Gradient descent is an iterative optimization algorithm that moves parameters in the direction of the negative gradient of a loss function to find (typically local) minima, and in ML it is used to learn model weights that minimize a chosen cost. Batch, stochastic, and mini-batch gradient descent differ mainly in how much data they use per parameter update, which affects speed, noise, and memory usage.

### Core idea of gradient descent

- Gradient descent updates parameters $\theta$ by $\theta \leftarrow \theta - \eta \nabla_\theta J(\theta)$, where $\eta$ is the learning rate and $J$ is the cost function.
- Following the negative gradient corresponds to moving in the direction of steepest decrease of the cost, so repeated updates aim to reach a minimum of $J$.

### Batch (vanilla) gradient descent

- Batch gradient descent computes the gradient using the entire training dataset before performing a single update, and one full pass over the data is an epoch.
- This yields a stable, low-variance gradient estimate but can be slow and memory‑intensive for large datasets because each update waits for all examples to be processed.

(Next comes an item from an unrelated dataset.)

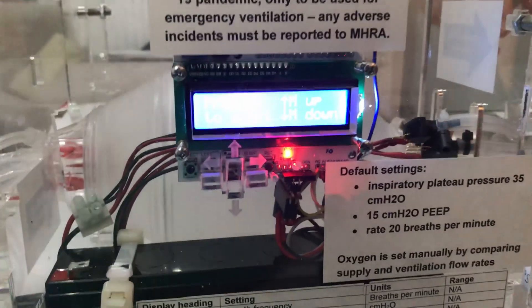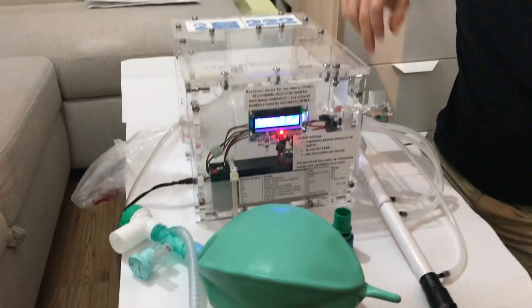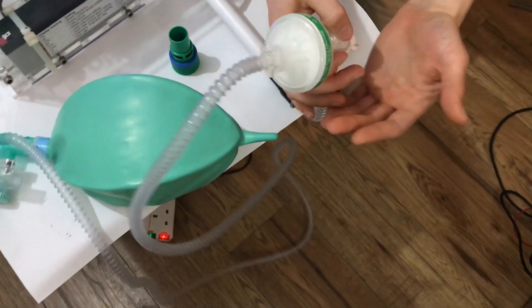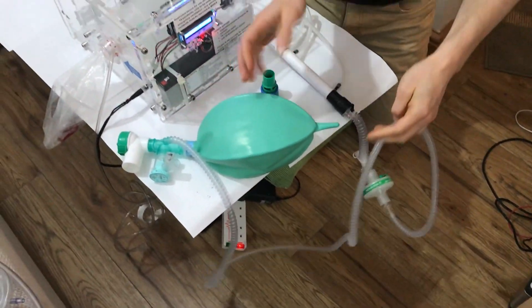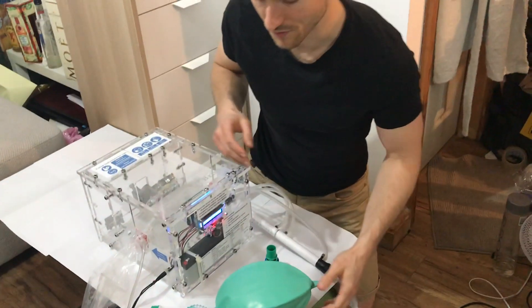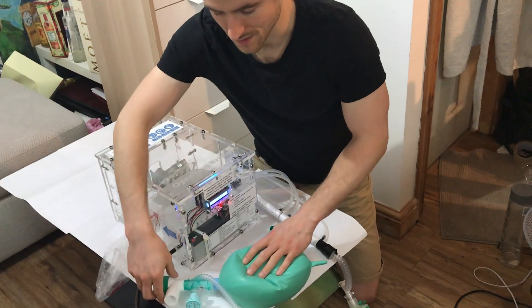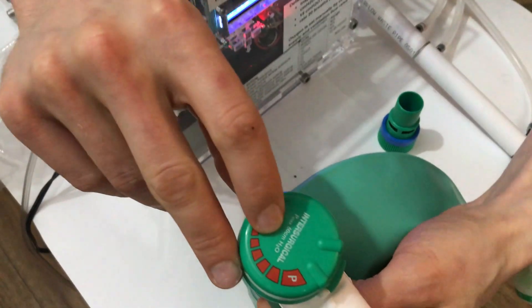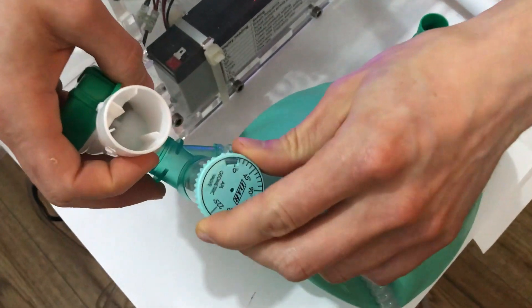I'll show you what we're connected to. Going from the Ambu bag, the output goes through our flow sensor, then the pressure sensor, through an antiviral filter, all the way through to a test lung — the best we've got for testing at the moment, usually used in CPAP devices. There's an overpressure relief set to a maximum of 60 centimetres of water, and a pressure relief APL valve.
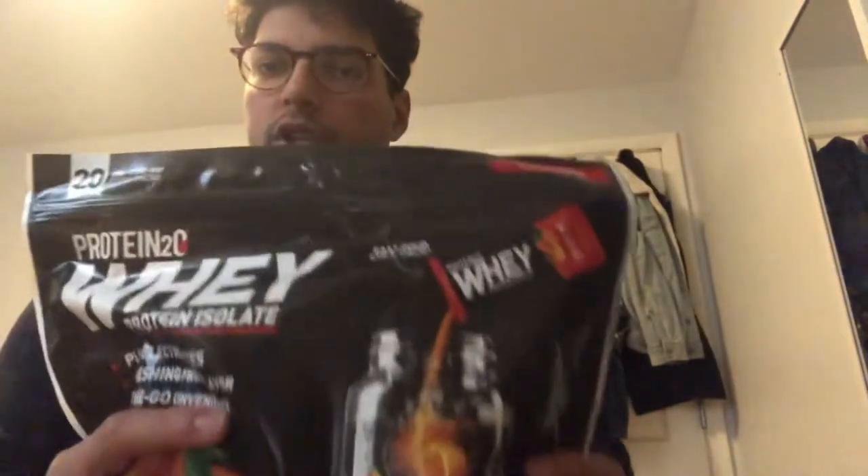I'm recording through my phone, not my camera, so the quality's not going to be as good. Today we're going to try this Protein 2.0 whey protein packet — you can take it with you on the go, pretty convenient. I picked them up from Costco, so let's go ahead and try it. First time trying it.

### Stochastic gradient descent (SGD)

- SGD updates parameters after each individual training example, computing the gradient using only that sample.
- This makes updates very frequent and often faster per update than batch descent, but the gradient estimate is noisy, causing the loss to fluctuate instead of decreasing smoothly and sometimes helping escape shallow local minima.

### Mini-batch gradient descent

- Mini-batch gradient descent splits the training data into small batches (e.g., 32, 64, 128 examples) and updates parameters for each batch.
- It balances efficiency and noise: gradients are less noisy than pure SGD and updates are more frequent and memory‑efficient than full‑batch, which is why this is the default choice in most modern deep learning frameworks.

### Practical implications and usage

- Mini-batch methods exploit hardware like GPUs efficiently through vectorized operations over batches, significantly speeding up training.
- In practice, gradient descent is often combined with enhancements such as momentum, learning-rate schedules, and adaptive methods (Adam, RMSProp) to improve convergence behavior and robustness.